■ **Stored data**

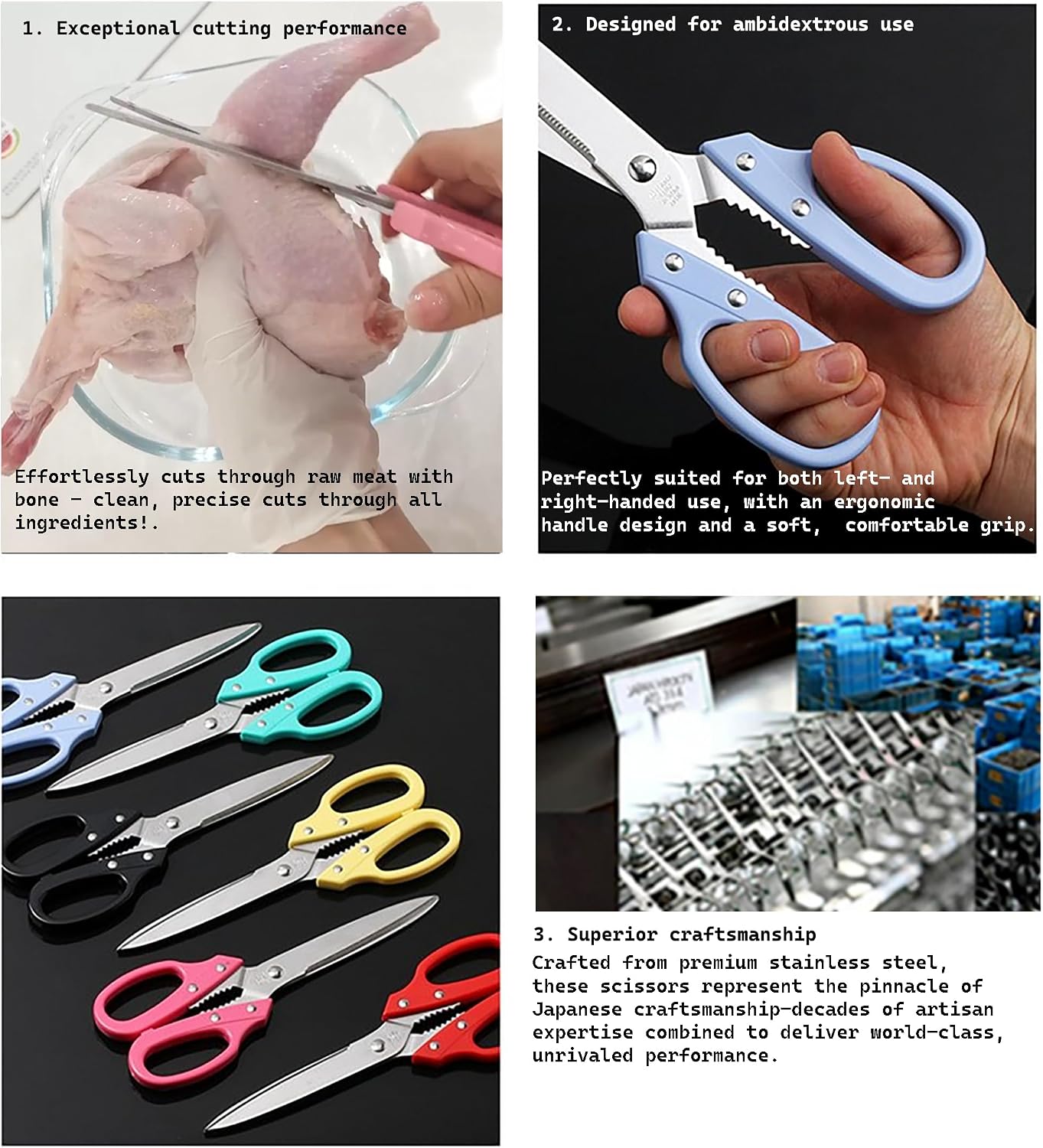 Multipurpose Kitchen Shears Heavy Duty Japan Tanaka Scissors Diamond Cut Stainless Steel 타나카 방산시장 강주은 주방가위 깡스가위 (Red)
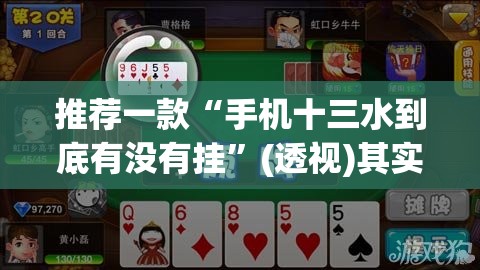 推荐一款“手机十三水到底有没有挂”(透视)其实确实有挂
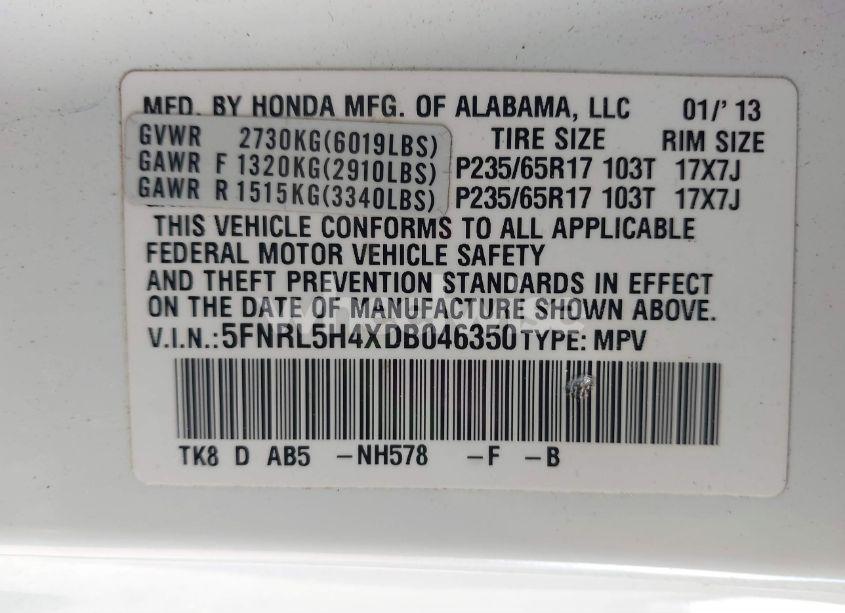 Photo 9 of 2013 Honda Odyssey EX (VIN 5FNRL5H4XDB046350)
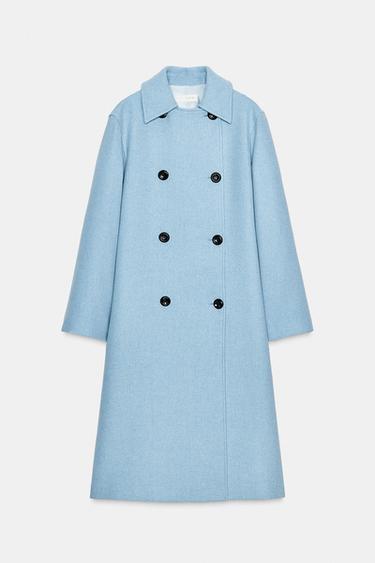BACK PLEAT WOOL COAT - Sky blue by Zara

■ **The task**
For each line above, output its wording exactly and leave out any picture.

■ **Exercise answer**
 Multipurpose Kitchen Shears Heavy Duty Japan Tanaka Scissors Diamond Cut Stainless Steel 타나카 방산시장 강주은 주방가위 깡스가위 (Red)
 推荐一款“手机十三水到底有没有挂”(透视)其实确实有挂
 Photo 9 of 2013 Honda Odyssey EX (VIN 5FNRL5H4XDB046350)
BACK PLEAT WOOL COAT - Sky blue by Zara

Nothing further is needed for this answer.